Around 2400 BCE, Indo-European warrior-nomads invaded southern Europe. The culture changed drastically.
In 1987, in The Chalice and the Blade, systems scientist and cultural historian Riane Eisler described the contrast between the two systems:
• Partnership style, where women and and men share roles and the difference between female and male is not equated with inferiority or superiority.[1]
• Domination style, where men rule by force and warfare is common.
Like all women, I grew up all too aware of the dominator influence in our culture, with our addiction to violence.
But I didn’t recognize the insidious belief system undergirding that ascendancy — until I read the work of theologian-activist Walter Wink, who nails it: the Myth of Redemptive Violence. This is the belief that demolishing the perpetrator of an evil will correct the evil; will redeem the situation. Killing the bad guy will solve the problem.
Whereas this kind of response to evil just perpetuates a vicious cycle of violence and hatred, and hoodwinks us to the situation.
Wink comments:
The myth of redemptive violence is the simplest, laziest, most exciting, uncomplicated, irrational and primitive depiction of evil the world has ever known.
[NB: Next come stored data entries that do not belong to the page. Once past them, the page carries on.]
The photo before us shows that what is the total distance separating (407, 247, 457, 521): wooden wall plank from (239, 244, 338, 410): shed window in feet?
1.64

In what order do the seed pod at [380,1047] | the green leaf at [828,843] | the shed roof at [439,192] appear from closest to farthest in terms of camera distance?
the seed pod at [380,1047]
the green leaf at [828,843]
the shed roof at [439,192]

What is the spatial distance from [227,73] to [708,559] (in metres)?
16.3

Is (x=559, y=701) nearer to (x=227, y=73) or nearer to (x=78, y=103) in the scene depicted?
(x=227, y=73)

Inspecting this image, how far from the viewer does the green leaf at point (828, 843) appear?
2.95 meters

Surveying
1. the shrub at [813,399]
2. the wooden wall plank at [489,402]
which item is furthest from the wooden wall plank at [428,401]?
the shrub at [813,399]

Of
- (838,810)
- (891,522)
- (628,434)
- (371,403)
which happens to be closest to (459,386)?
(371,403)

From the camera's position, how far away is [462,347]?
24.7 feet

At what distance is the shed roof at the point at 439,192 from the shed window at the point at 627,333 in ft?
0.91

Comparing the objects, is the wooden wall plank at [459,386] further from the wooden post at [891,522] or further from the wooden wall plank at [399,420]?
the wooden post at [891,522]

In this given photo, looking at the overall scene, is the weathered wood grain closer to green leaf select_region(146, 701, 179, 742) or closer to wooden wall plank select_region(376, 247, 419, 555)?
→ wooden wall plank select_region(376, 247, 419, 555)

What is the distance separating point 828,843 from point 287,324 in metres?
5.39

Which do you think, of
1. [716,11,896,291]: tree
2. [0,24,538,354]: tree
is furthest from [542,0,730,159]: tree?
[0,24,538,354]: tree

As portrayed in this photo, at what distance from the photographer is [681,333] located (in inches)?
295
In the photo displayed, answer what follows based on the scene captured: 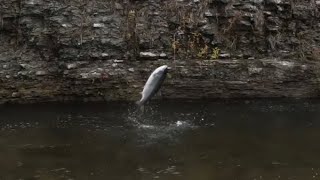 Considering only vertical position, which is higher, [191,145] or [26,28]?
[26,28]

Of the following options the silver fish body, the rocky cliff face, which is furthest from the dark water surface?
the silver fish body

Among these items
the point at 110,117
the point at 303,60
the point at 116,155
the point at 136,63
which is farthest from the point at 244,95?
the point at 116,155

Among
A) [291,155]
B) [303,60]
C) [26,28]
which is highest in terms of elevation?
[26,28]

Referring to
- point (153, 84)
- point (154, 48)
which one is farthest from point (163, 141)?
point (154, 48)

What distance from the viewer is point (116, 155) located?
938 centimetres

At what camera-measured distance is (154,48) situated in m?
13.9

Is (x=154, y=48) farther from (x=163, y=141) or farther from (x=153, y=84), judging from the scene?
(x=163, y=141)

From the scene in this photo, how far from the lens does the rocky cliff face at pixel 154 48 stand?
525 inches

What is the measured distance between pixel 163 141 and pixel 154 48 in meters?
4.37

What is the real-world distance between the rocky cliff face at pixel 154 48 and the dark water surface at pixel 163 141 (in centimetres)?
68

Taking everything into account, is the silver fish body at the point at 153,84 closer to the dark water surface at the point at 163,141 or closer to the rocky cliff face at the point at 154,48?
the dark water surface at the point at 163,141

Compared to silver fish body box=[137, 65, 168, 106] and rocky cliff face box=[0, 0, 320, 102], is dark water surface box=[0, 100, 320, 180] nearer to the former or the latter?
rocky cliff face box=[0, 0, 320, 102]

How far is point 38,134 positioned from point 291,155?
5.24 m

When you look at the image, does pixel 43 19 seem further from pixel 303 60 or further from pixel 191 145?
pixel 303 60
Furthermore, its orientation toward evil is one into which virtually all modern children (boys especially) are socialized in the process of maturation…. Once children have been indoctrinated into the expectations of a dominator society, they may never outgrow the need to locate all evil outside themselves.[2]
This just about ruined me for TV and movie watching. I notice all the easy solutions offered time and again by killing the bad guy. I can feel my programming telling me to be happy with it, and I’m not satisfied; I’m angry at being manipulated; at being fed that cultural brainwashing. I want a real solution to the problem.

[1] Eisler, Chalice and Blade (Cambridge: Harper & Row, 1987), xvii.
[2] Wink, Engaging the Powers (Minneapolis: Fortress, 1992), 22.